EXERCISE OBJECTIVE:
Only one stretch of the records below is wanted: the lines from the one holding "Cute Outfits With" through the one holding "2017 Volvo S60 Image 14". Return it exactly, both ends included.

PROVIDED DATA:
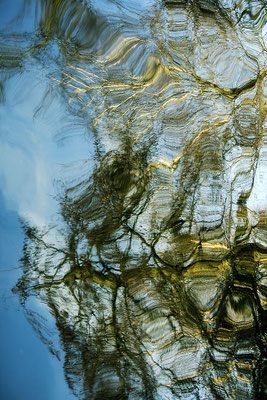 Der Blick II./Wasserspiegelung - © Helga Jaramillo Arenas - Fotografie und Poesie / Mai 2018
---
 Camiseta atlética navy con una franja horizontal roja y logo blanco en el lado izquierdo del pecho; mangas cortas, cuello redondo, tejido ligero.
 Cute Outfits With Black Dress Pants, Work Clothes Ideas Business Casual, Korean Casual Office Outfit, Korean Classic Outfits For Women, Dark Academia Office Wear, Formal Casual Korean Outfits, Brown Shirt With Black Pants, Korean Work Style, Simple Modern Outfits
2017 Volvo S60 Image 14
--
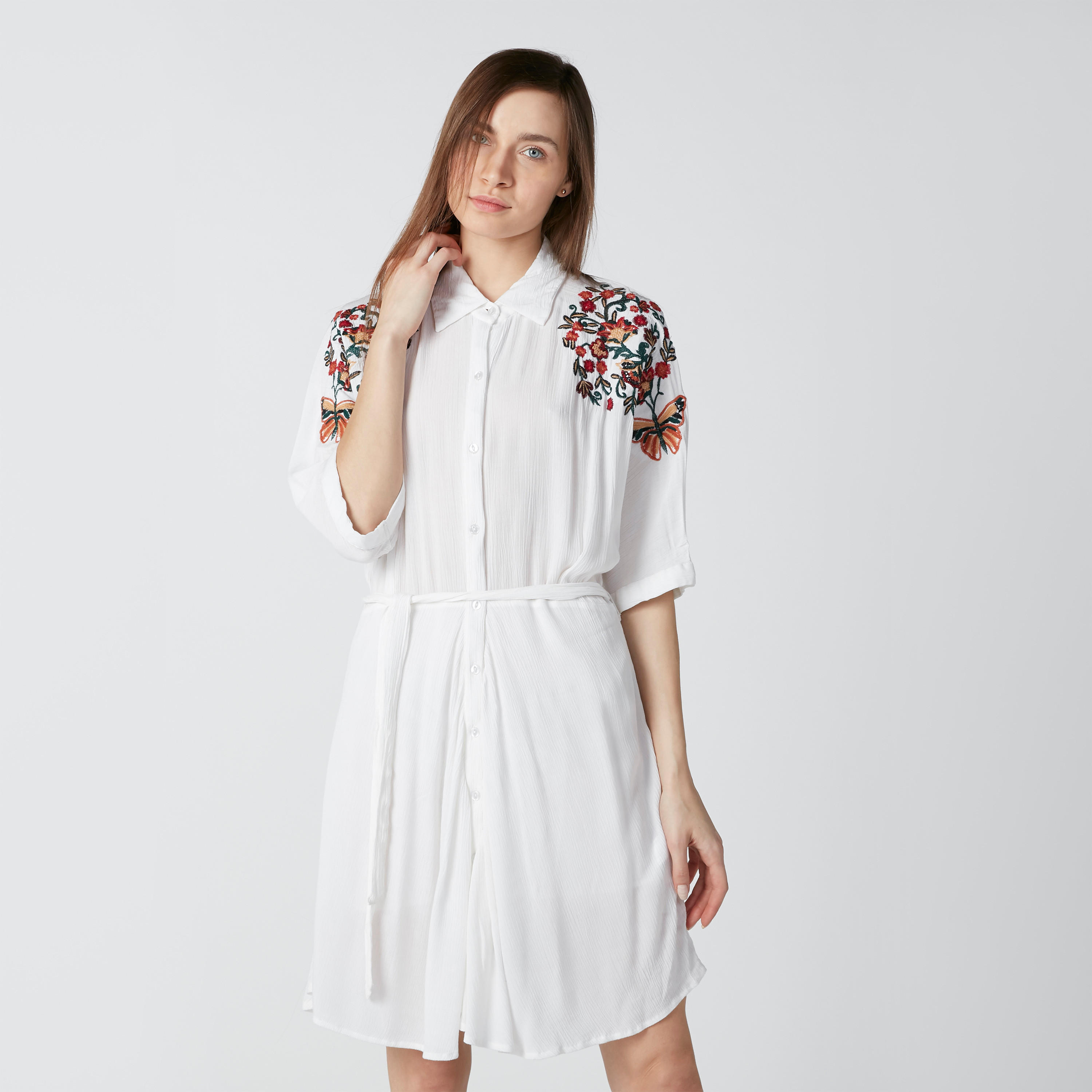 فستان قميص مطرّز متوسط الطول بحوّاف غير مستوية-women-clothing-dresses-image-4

THE COMPLETED TASK:
 Cute Outfits With Black Dress Pants, Work Clothes Ideas Business Casual, Korean Casual Office Outfit, Korean Classic Outfits For Women, Dark Academia Office Wear, Formal Casual Korean Outfits, Brown Shirt With Black Pants, Korean Work Style, Simple Modern Outfits
2017 Volvo S60 Image 14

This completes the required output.